At each frame reception, an interrupt triggers:
- Reading timestamped data from DMA buffer
- Retrieving timestamps (1µs + 8ns)
This allows periodic export to Python server via TCP/IP (LwIP)
Electronic Circuit
Custom Arduino Uno Shield
The PYNQ-Z1 board has an Arduino Uno compatible connector, allowing interfacing with standard shields. A prototype shield was created, integrating RS422 transceivers and a removable termination resistor.

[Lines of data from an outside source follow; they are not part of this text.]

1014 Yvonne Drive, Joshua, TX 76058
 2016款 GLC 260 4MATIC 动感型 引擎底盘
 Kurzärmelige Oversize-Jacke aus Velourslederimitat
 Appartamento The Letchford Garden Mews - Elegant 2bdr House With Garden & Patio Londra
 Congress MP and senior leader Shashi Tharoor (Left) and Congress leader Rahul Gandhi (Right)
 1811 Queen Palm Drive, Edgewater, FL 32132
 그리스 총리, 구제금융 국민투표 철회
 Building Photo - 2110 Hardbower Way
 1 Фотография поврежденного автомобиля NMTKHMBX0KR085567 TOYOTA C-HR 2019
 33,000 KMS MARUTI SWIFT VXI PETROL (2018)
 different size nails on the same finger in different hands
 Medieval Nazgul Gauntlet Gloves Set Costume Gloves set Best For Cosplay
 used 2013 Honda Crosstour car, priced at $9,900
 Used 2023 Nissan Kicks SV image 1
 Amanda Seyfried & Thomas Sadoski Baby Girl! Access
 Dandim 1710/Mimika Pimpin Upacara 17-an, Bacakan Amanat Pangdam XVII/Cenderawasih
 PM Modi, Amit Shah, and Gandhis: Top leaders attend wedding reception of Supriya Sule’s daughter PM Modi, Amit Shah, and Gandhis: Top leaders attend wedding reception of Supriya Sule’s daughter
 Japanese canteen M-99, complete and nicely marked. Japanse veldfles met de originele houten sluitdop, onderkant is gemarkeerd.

Three ISL83078 (full-duplex RS422 transceivers) are integrated on the custom shield. The VHDL implementation is scalable to 4 transceivers.
Tools and Environment
FPGA Development
- Vivado Design Suite 2019.x: VHDL synthesis and implementation
- Vivado HLS: AXI IP generation
- VHDL Testbench: Functional simulation
- ILA (Integrated Logic Analyzer): Real-time debugging
Software Development
- Vitis/SDK 2019.x: Bare-metal development environment
- GCC ARM: Cross-compilation for Zynq
- LwIP: Bare-metal TCP/IP stack
- Python: Control server on Rock 3C and various control and test scripts
Testing and Validation
Tests Performed
✅ Functional validation:
- Synchronous and asynchronous reception operational
- 1µs and 8ns timestamping functional
- DMA transfer to DDR memory verified
- LwIP communication with Python server
Possible Improvements
This project lays the foundation for an RS422 analysis system and can be extended with:
- Transmission (Tx) implementation for frame replay/forging or bus set via Python interface
- Migration to Petalinux (embedded Linux with BusyBox) for more flexible management and advanced network tools
- Web monitoring interface for real-time RS422 bus visualization
- PTP synchronization for inter-system absolute timestamping
- Extension to more than 4 RS422 channels
- Anomaly analysis and detection (corruption, sync loss) with alerts
Skills Developed
Lessons Learned
This project allowed me to understand the Zynq-7000 architecture and FPGA/CPU integration. The main challenge was managing and debugging the PL/PS interface via AXI.
Key takeaways:
- Understanding of AXI bus (Lite and Stream)
- Bare-metal development with interrupt and DMA handling
- Modular VHDL design with testbench for validation
- RS422 hardware interfacing (differential, transceivers)
Info
🎓 This project applied academic knowledge (VHDL, SoC architecture, serial protocols) in a real-world RS422 bus analysis context, before deployment on professional equipment.